MCs, DJs e produtores: racistas, homofóbicos e misóginos. Ah, os misóginos… daria para fazer uma lista (grande) com os nomes. Mais que um “papo de feminista”, isso é papo de consciência e empatia. Os homens sempre tiveram privilégios em todos os campos, sejam eles acadêmicos, artísticos ou trabalhistas. Se a luta tem como fundamento cessar as diferenças entre nossos semelhantes, o primeiro passo é reconhecer onde estão seus privilégios. Por exemplo, homens não precisam pensar no que significa para eles o fato de 50,3% dos homicídios de mulheres no Brasil serem cometidos por familiares (sendo 33,2% por parceiros ou ex-parceiros), ou que um estupro acontece a cada 11 minutos, ou que uma mulher é vítima de violência doméstica no Brasil a cada 4 minutos. E o que isso tem a ver com o hip hop?

Há muito tempo nós mulheres já estamos batendo nessa tecla e ainda é necessário dizer em alto e bom tom: a cena underground não tem espaço para quem apoia qualquer sistema de opressão. Há inúmeras denúncias de mulheres expondo MCs que foram/são abusivos, machistas, violentos. Mas rimam bem. E nada acontece. As minas seguem sendo desacreditadas, e os MCs seguem com o mesmo público. O mesmo hype. Porque rimam bem, unicamente.

Não tem lógica passar a mão na cabeça do MC favorito que rima uma coisa e age de maneira contraditória na vida pessoal. “Ah, mas é a vida íntima do cara…”. Não. O rap não é um gênero qualquer no qual a conduta da pessoa pode se separar da música, justamente porque não é uma música comercial. Nunca foi. E nunca teve espaço para quem não tem postura.

O errado tem que ser cobrado, principalmente pelo público, que não pode ser permissivo a ponto de continuar gerando renda, shows e sucesso para uma pessoa, por exemplo, que bate na companheira. Que expulsa mina do camarim depois de receber um “não”. Que aproveita da fragilidade da mulher que foi abusada para gerar hype e levantar brigas antigas que foram mal resolvidas.
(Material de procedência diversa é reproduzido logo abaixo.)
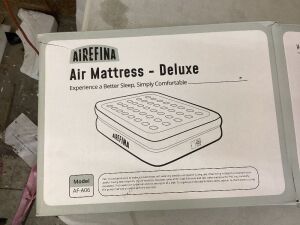 Airefina Deluxe Queen Air Mattress with Built-in Pump, Double-High 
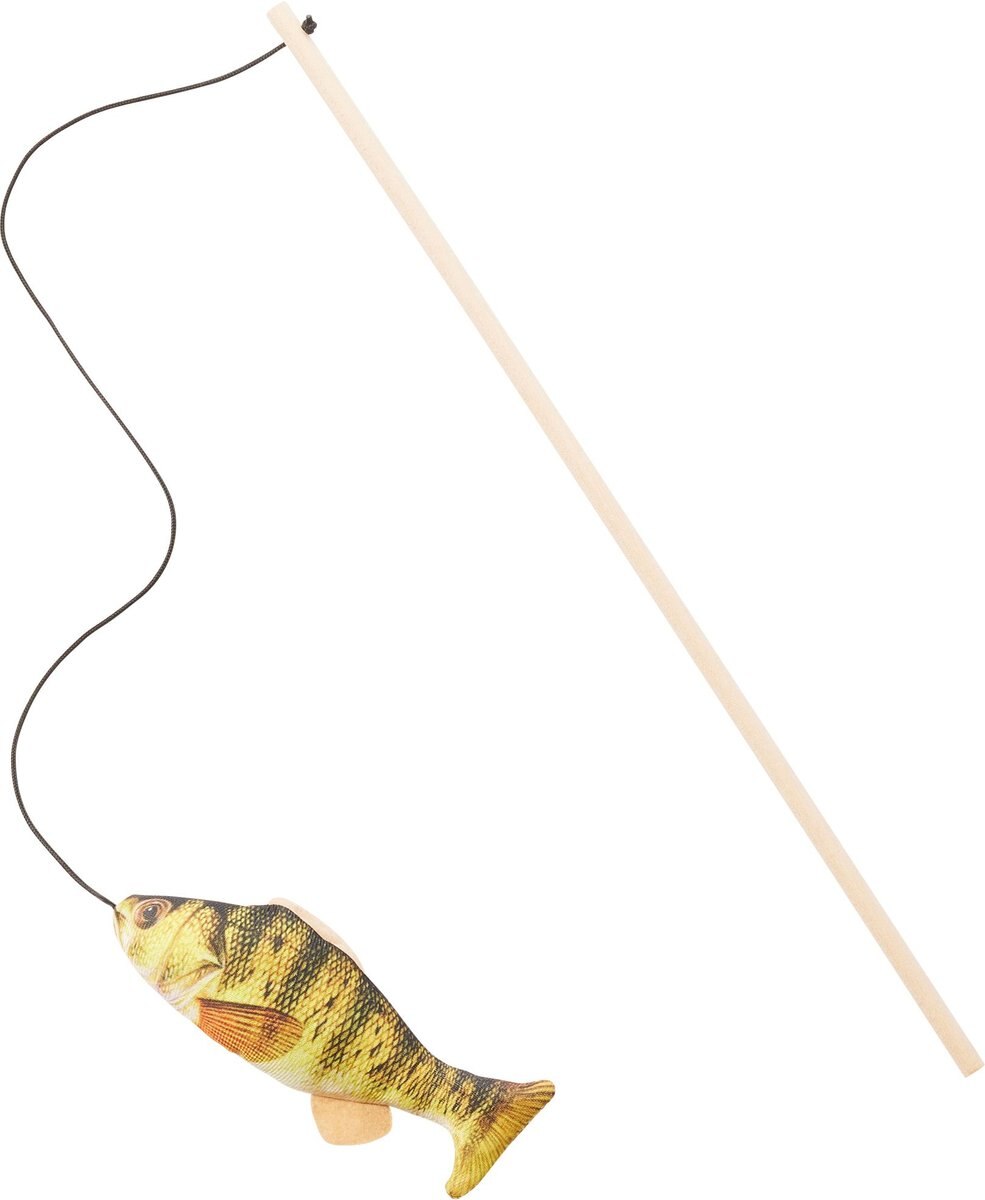 ETHICAL PET Gone Fishin' Teaser Wand Cat Toy, Color Varies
Que tem um vasto histórico de comportamentos abusivos, inclusive com mulheres da cena underground.

“Fui criado de maneira machista, mas o mundo está mudando. Não faz nenhum sentido o homem ser beneficiado só por ser homem, é injusto. No momento em que entendi que, se eu não respeitar uma mulher, não vou respeitar ninguém, aí ficou fácil. Mudei como pessoa, minha música mudou, minha abordagem, o entendimento do mundo…”. A fala é de Mano Brown. Se ele, no alto de seus 30 anos de carreira, reconheceu o quanto isso é importante, porque uma geração que tem acesso à informação de maneira muito mais fácil não reconheceria?